# YOUR OBJECTIVE:
Treat the line containing "Jeans med hög midja och raka ben" as the first line of the answer and the last line of the data as its final line, reproducing every line between exactly.

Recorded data
****************************************

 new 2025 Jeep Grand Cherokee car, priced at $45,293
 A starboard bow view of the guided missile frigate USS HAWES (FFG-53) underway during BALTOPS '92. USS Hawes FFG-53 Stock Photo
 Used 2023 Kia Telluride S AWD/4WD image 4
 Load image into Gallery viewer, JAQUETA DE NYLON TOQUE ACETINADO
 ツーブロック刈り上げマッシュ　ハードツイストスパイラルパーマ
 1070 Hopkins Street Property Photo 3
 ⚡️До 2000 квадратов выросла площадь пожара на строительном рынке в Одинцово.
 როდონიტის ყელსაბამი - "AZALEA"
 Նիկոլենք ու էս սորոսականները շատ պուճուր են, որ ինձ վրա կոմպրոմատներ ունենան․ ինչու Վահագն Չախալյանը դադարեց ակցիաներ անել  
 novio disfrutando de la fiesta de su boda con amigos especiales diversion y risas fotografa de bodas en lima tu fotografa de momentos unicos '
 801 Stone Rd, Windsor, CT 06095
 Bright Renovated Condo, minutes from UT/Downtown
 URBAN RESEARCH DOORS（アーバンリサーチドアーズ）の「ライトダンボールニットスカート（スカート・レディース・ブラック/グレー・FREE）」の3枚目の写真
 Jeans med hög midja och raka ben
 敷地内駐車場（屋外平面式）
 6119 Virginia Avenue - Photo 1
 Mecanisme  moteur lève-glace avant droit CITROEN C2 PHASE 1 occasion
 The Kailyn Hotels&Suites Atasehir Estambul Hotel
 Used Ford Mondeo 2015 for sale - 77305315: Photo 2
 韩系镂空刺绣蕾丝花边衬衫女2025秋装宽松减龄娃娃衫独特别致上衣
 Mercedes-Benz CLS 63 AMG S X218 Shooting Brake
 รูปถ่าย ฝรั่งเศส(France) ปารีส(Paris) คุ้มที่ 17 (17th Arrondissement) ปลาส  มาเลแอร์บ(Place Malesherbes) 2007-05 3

****************************************

# REPLY:
 Jeans med hög midja och raka ben
 敷地内駐車場（屋外平面式）
 6119 Virginia Avenue - Photo 1
 Mecanisme  moteur lève-glace avant droit CITROEN C2 PHASE 1 occasion
 The Kailyn Hotels&Suites Atasehir Estambul Hotel
 Used Ford Mondeo 2015 for sale - 77305315: Photo 2
 韩系镂空刺绣蕾丝花边衬衫女2025秋装宽松减龄娃娃衫独特别致上衣
 Mercedes-Benz CLS 63 AMG S X218 Shooting Brake
 รูปถ่าย ฝรั่งเศส(France) ปารีส(Paris) คุ้มที่ 17 (17th Arrondissement) ปลาส  มาเลแอร์บ(Place Malesherbes) 2007-05 3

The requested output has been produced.